The music video for “Boy Blue” was taken from the Cyndi Lauper in Paris HBO special. It was directed by Andy Morahan, who previously directed music videos for her songs “Change of Heart” and “What’s Going On”, as well as music videos for a slew of other LGBTQ+ artists and allies, including Pet Shop Boys, Wham!, George Michael, and Elton John, plus Tina Turner, Jody Watley, Mariah Carey, and many others.

Speaking about performing the song live, Lauper once said, “I used to cry every night when I sang that song. I was so mad. You know, you go through so much and I was so mad. I was mad that my friend was gone, I was mad at the way people treated me.”

“We didn’t know what the hell it was. We didn’t know anything. Then all of a sudden it was out in the open and everyone was talking about it, but when he first told me about it I didn’t understand. I didn’t know. And then all of a sudden my friend was ill and then… It was so hard.”

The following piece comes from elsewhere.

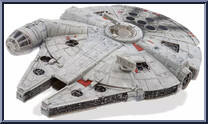 Millenium Falcon (Batuu) (Assault Class) from Star Wars - Micro Galaxy Squadron - Series 2 manufactured by Jazwares [Loose]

She continued, “I was so angry and every night I would sing my guts out, but you’d open your eyes after and it was the same. But sometimes, in a lot of ways, it was healing.”

The True Colors album would go on to sell over 7 million copies worldwide, becoming Lauper’s second best-selling release. The title would later serve as the inspiration for the name of her charitable foundation True Colors United (formerly True Colors Fund), launched in 2008 to help combat LGBTQ+ youth homelessness.